-
Notifications
You must be signed in to change notification settings - Fork 0
nextflow config
author | date | tags |
---|---|---|
KH | 2023-01-31 | nextflow, workflow, nf-core, configuration, hilbert |
Nextflow comes with a great number of possibilities to provide configuration of your workflow, which can be very powerful (and sometimes confusing).
The configuration for Nextflow workflows can be defined on different levels and are applied with the following priority:
(Source: https://www.nextflow.io/docs/latest/config.html)
- Parameters specified on the command line (--something value)
- Parameters provided using the -params-file option
- Config file specified using the -c my_config option
- The config file named nextflow.config in the current directory
- The config file named nextflow.config in the workflow project directory
- The config file $HOME/.nextflow/config
- Values defined within the pipeline script itself (e.g. main.nf)
Generally, the following structure for storing configuration is recommended:
- Store configurations in separate
run.config
file, e.g., for adapting to Infrastructure or modifying processes. (3.) - Store workflow parameters in
nf-params.json
file, e.g., to provide samplesheets. (2.) - For testing parameters or options, you can provide them using the command line flags. (1.)
Options 4.-7. are mostly relevant for workflow development, e.g., to set default parameters or preconfigure processes. Within nf-core workflows, it is not necessary to change the nextflow.config file within the pipeline.

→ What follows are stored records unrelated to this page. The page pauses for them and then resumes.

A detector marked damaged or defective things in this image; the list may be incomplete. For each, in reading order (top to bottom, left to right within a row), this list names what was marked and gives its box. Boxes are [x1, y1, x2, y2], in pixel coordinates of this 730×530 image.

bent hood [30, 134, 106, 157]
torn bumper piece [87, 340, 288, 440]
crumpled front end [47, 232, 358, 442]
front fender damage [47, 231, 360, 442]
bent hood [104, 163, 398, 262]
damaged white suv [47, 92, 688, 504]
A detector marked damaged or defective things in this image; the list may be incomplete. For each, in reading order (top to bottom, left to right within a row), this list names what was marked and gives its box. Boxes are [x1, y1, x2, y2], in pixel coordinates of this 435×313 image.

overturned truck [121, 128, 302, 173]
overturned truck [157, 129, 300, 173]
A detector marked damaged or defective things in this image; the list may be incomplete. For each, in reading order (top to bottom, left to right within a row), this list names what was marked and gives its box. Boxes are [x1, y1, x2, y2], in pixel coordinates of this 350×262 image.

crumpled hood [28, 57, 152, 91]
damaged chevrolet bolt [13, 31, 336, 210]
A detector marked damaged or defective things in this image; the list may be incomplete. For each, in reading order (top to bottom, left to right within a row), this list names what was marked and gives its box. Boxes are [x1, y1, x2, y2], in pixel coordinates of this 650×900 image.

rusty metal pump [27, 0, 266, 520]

The config file consists of scopes that organizes and groups configuration settings (more information at config-scopes).
Two of the most important scopes are params and process:
process - Executors for HPC systems and process configs
In the process scope, you can define specific parameters for the executors and workflow processes.
A large variety of executor systems is supported and this config is set to local per default.

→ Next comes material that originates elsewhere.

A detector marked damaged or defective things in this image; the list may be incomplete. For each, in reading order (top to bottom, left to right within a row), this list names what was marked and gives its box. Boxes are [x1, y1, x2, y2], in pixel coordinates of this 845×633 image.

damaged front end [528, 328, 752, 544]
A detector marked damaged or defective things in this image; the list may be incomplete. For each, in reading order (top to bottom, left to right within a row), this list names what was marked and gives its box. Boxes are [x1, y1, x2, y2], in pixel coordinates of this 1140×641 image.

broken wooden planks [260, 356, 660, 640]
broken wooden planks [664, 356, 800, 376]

(More information at executor-page)
params - Parameters of the workflow
In the params scope, you can define parameters utilized by the workflows, for example the output directory or maximum resources.
In general, you should NOT define your parameters in the run.config
file, but within the nf-params.json
file!
(More information at scope-params)
Configuration profiles
Within configuration files, you can define profiles that are enabled using the -profile
flag in the nextflow command.
You can enable multiple profiles which are prioritzed by the order of specification, e.g. -profile test,docker
.
More information at config-profiles.
Configuration file for HILBERT and local runs
Institutional configs are provided by nf-core and can contain additional infrastructure-specific configurations.

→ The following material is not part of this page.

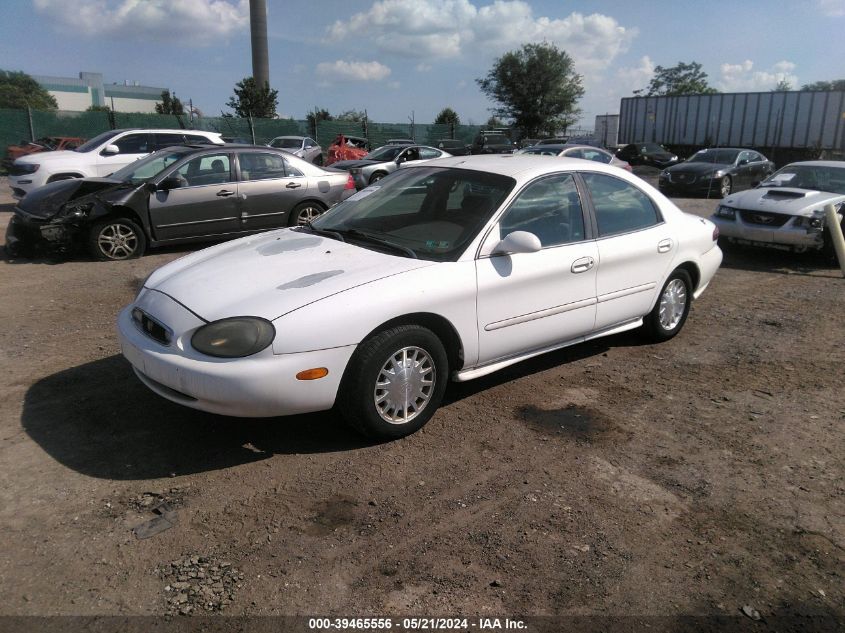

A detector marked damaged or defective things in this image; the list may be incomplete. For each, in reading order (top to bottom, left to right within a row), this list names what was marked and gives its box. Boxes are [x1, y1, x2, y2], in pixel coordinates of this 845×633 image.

wrecked vehicle [4, 144, 352, 260]
damaged gray sedan [4, 145, 352, 260]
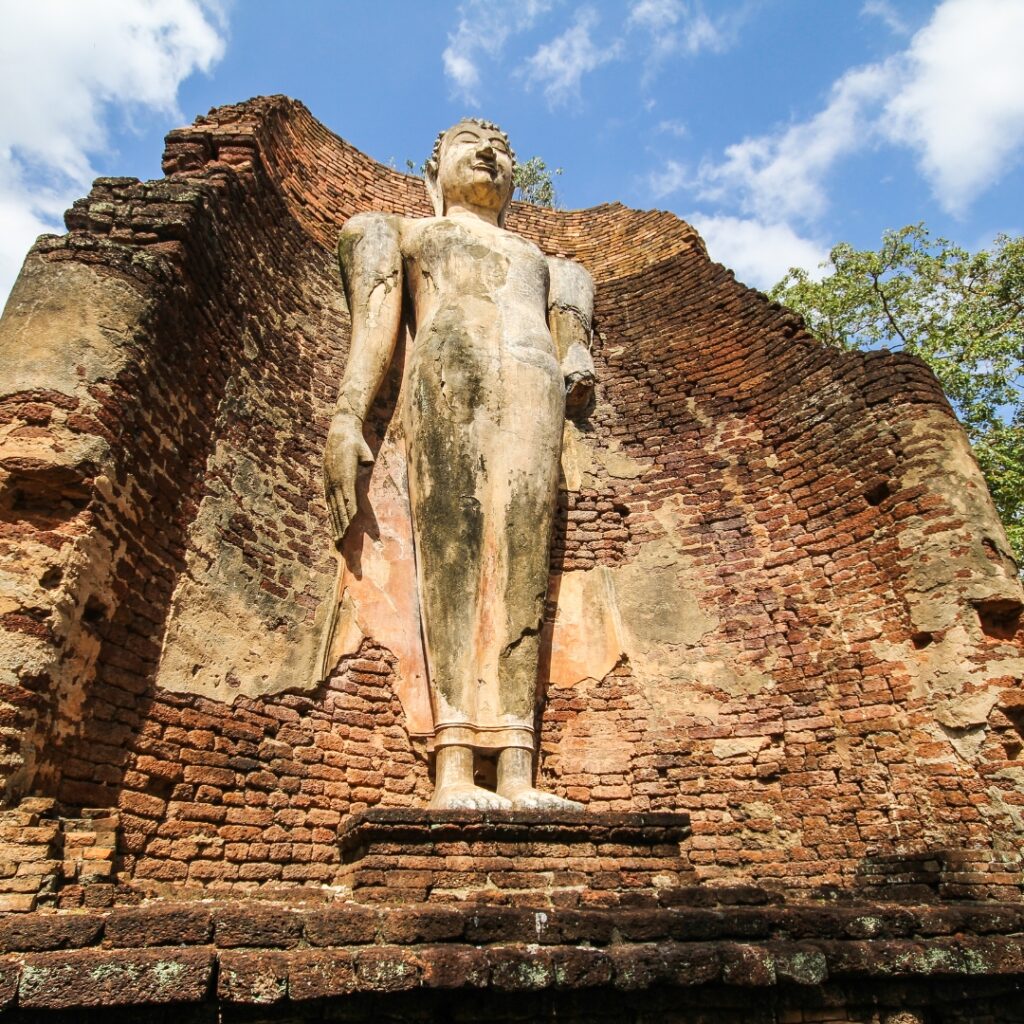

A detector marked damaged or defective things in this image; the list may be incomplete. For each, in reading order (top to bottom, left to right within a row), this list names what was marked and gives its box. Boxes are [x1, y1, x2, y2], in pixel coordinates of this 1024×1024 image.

Currently, no HHU or UKD config file exists, but may be added in the future.
Here is a working configuration file defining one profile for execution on HILBERT:
profiles {
hilbert {
params {
config_profile_description = 'HILBERT'
}
process {
executor = 'pbspro'
module = 'Singularity/3.7.1'
queuesize = 100
clusterOptions = '-A "PROJECT"'
}
}
}
process configurations:
- executor: specifies the HPC system for job submissions.
-
module: The submitted jobs can load environmental modules on the HPC system with the
module load
command. For example, if the singularity profile is enabled, singularity needs to be loaded with every single job. - queuesize: Maximum number of jobs submitted in parallel. Avoids nextflow going rogue.
-
clusterOptions: Strings that will be attached to the
qsub
command. At HILBERT, we need to specify the project for each submitted job using the-A "PROJECT"
flag.
NOTE: by adding the line
cleanup = true
outside of any scope withinrun.config
, the work directory with temporary files will be automatically deleted after a successful run.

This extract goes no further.